10-11fl White Shell Tongue no.1-2, Federica Luzzi, fine art print on “baritata” paper, 66.875” x 24.75” x 1.25”; 78.625” x 32.75” x 1.25”, 2006

Italian textile sculptor, Federica Luzzi has created works born of conversations with researchers at the National Institute of Nuclear Physics in Frascati, Italy on concepts of dark matter, antimatter, nuclear, subnuclear physics, and an accelerator of particles. Various images of each side of three white sculptures are depicted; “gesture and matter are the terms of a relationship still waiting to be deciphered,” Luzzi explains. Working in the opposite direction of the classic and traditional concept of sculpture as a “way of removing,” the textile medium allows Luzzi to work around a void. Each sculpture, while having a mathematical initial scheme, is ultimately rendered with an element of mistake. “The final unexpected effect I interpret as an ideogram, a gesture, that presents itself as the work unfolds,” she says. “The White Shell Tongue prints suggest a primordial voice, speaking in a language now unknown to us but original, a pure, reductive writing externality, with wrappings and emptied shells.” 

9gs Out of Focus 1-9, Grethe Sørensen, handwoven cotton, 87″ x 85.5″ x 1.5″, 2007

In Denmark, Grethe Sørensen has unpacked digital technologies to create her tapestries. She has developed her own technique, combining weaving and video, selecting and manipulating still images to create a poetic universe of pixels, headlights, traffic lights, neon shop and advertising signs meticulously rendered in cotton thread. She is fascinated by color gradation; dying on the warp before weaving, varying the colors by mixing threads of different nuances in the warp. For Out of Focus 1-9, the artist created an image of hard-edged pixels in basic colors blown up until they appeared “liquid.” Pixels in basic colors are the starting point for her woven constructions. 

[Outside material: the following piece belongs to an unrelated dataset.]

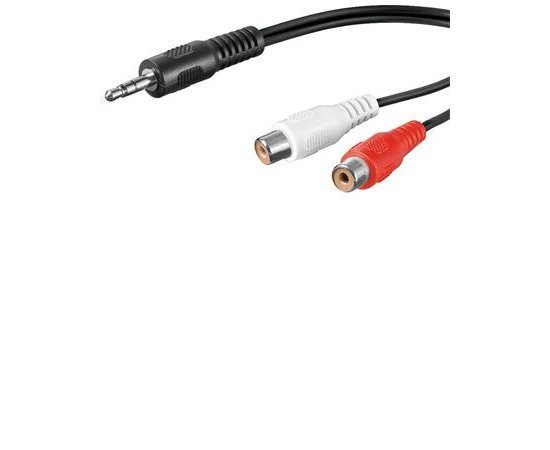 PremiumCord Kabel Jack 3.5mm-2xCINCH M/F 1,5m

Another California artist, Sarah Rosalena Brady,  draws on her multiracial background as Huichol and Laguna Pueblo,  focusing her research on Indigenous scholarship and mentorship in STEAM. She describes her work as deconstructing technology with material interventions, creating new narratives for hybrid objects that speak on issues such as AI, aerospace technologies, and decolonial posthumanism. Her hybrid works operate between human/nonhuman, ancient/future, and handmade/autonomous principles to override power structures rooted in colonialism. Her solo exhibition at Blum & Poe, LA in 2021, https://contemporaryartreview.la/sarah-rosalena-brady-at-blum-and-poe/ featured AI-generated double-sided tapestries depicting satellite images of ice on Mars. 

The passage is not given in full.